- WHAT TO WORK ON:
Excluding pictures, reproduce word for word the lines from the one containing "Real Human Left Leg - Pathology" through the end of the material below.

- INPUT DATA:
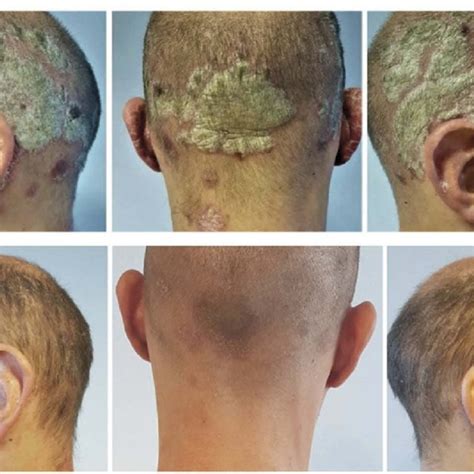 Case 2: (A) before and (B) after treatment for 4 weeks with... | Download Scientific Diagram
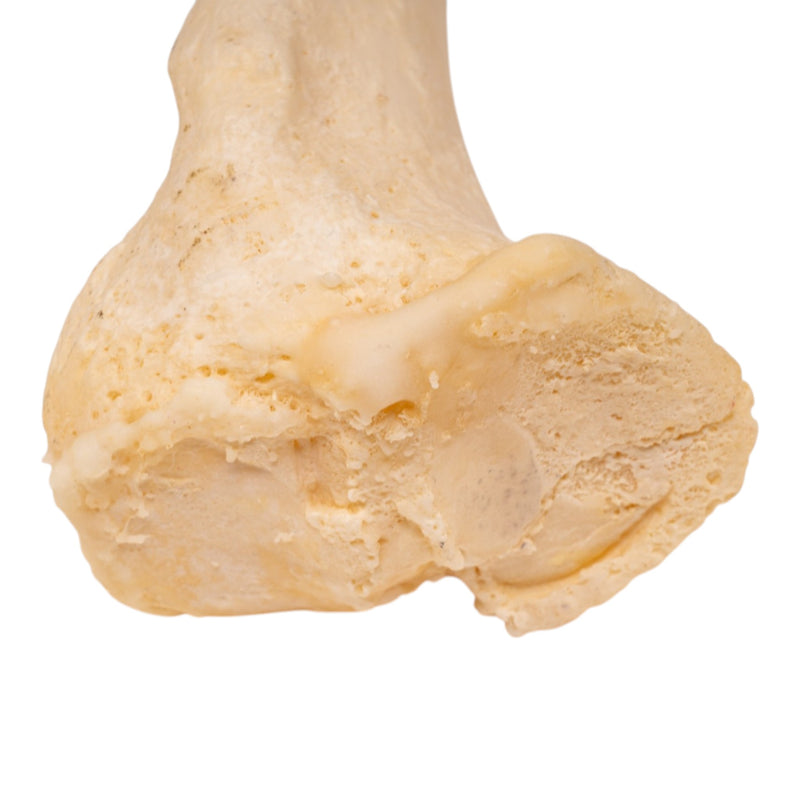 Real Human Left Leg - Pathology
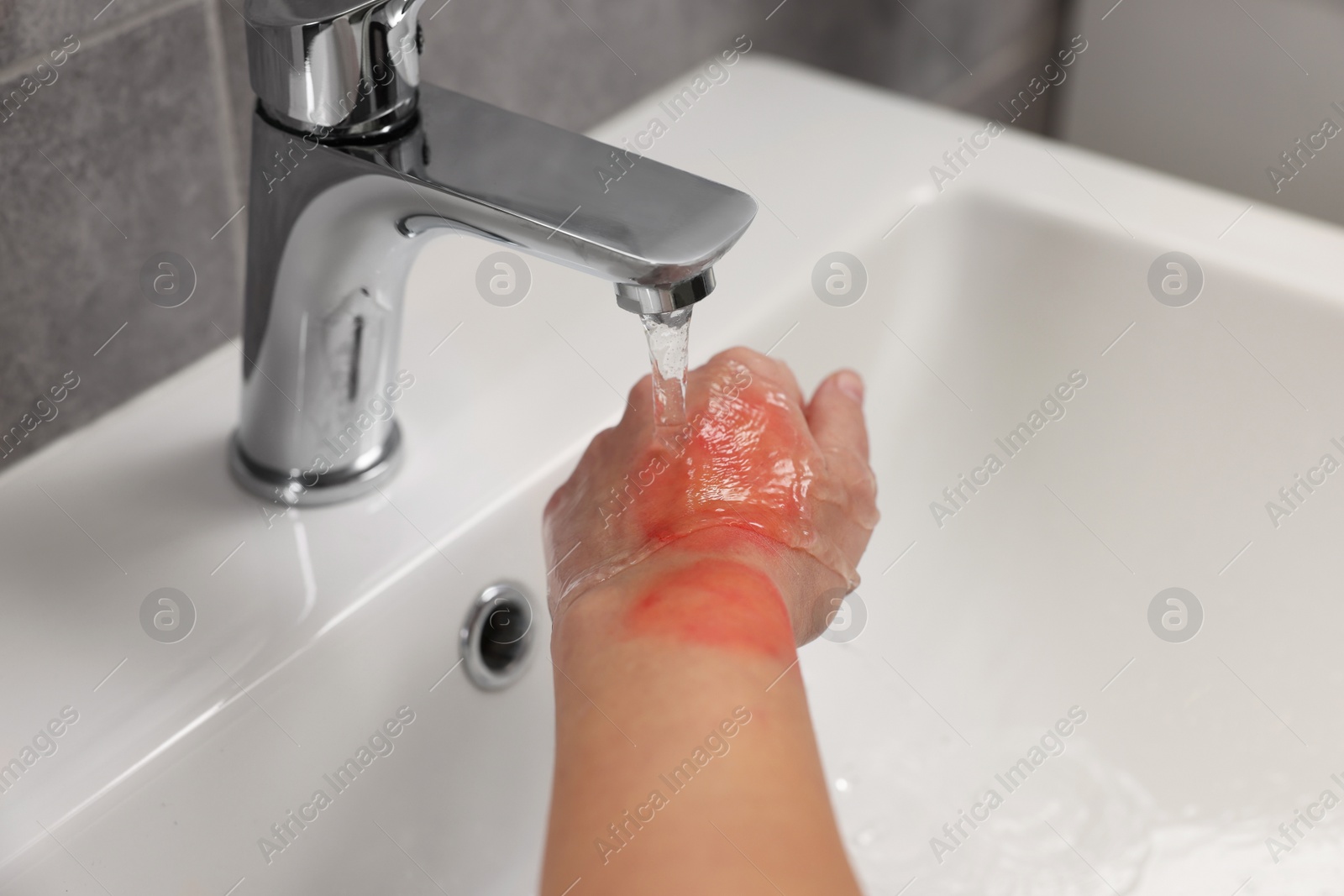 Photo of Woman holding burned hand under cold water indoors, closeup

- COMPLETED TASK:
 Real Human Left Leg - Pathology
 Photo of Woman holding burned hand under cold water indoors, closeup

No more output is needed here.